I recently ran into some puzzling WebKit scrolling behavior: child iframes mysteriously causing the main window to get scrolled. This was in the context of a Quip feature still under development, but I've recreated a simple test case for it, to make it easier to follow along. There are two buttons on the page, both of which dynamically create and append an <iframe> element to the page. They convey parameters to the frame via the fragment part of the URL; one button has no parameters and the other does, but they otherwise load the same content. The mysterious behavior that I was seeing was that the code path without parameters was causing the main window to scroll down (such that the iframe is at the top of the visible area).
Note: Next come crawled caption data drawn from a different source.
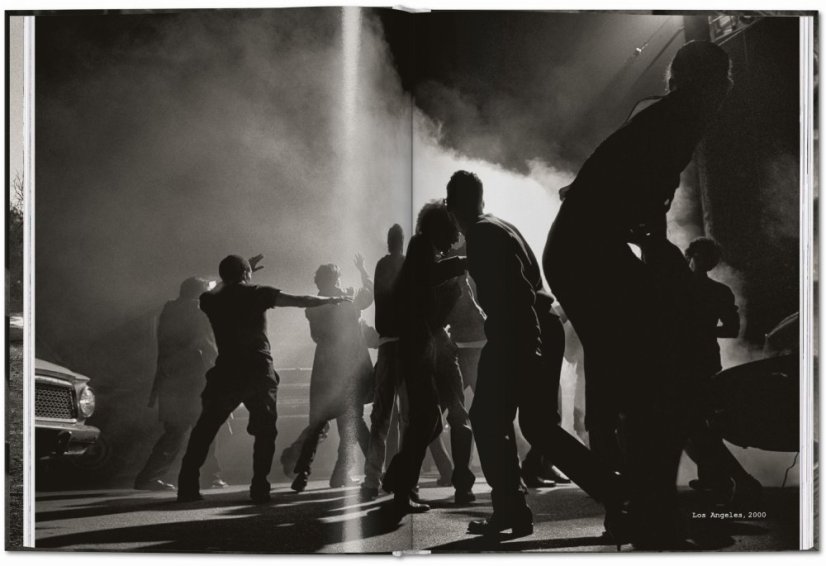 Kniha PETER LINDBERGH. UNTOLD STORIES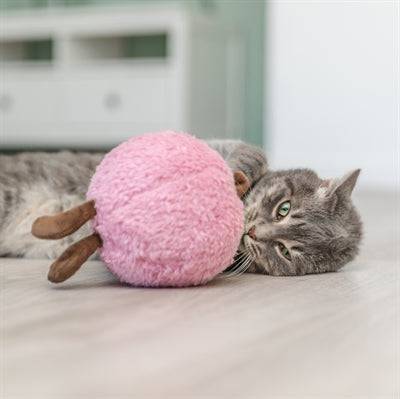 Trixie XXL Peach Plush Toy with American Catnip for cats, 20 cm, soft and colorful with embedded catnip for playful fun.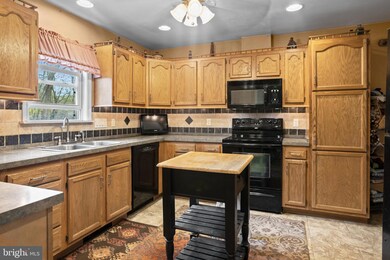 38 Lindy Ln, Boyertown, PA 19512 - photo 7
With such a reduced test case it may already be obvious what's going on, but things were much less clear at the time that I encountered this. There were many possible causes since we had made a major frame-related infrastructure change when this started to happen. The only pattern was that it only seemed to affect WebKit-based browsers (i.e. Safari and especially our Mac app). After flailing for a while, I realized what I wanted most of all was a breakpoint. Specifically, if I could break in whatever function implemented page scrolling, then I could see what the trigger was. Some quick monkey-patching of the scrollTop window property showed that the scrolling was not directly initiated by JavaScript (indeed the bug could be reproduced entirely without JavaScript by inlining the iframe HTML directly). Therefore such a breakpoint needed to be on the native side (in WebKit itself) via lldb.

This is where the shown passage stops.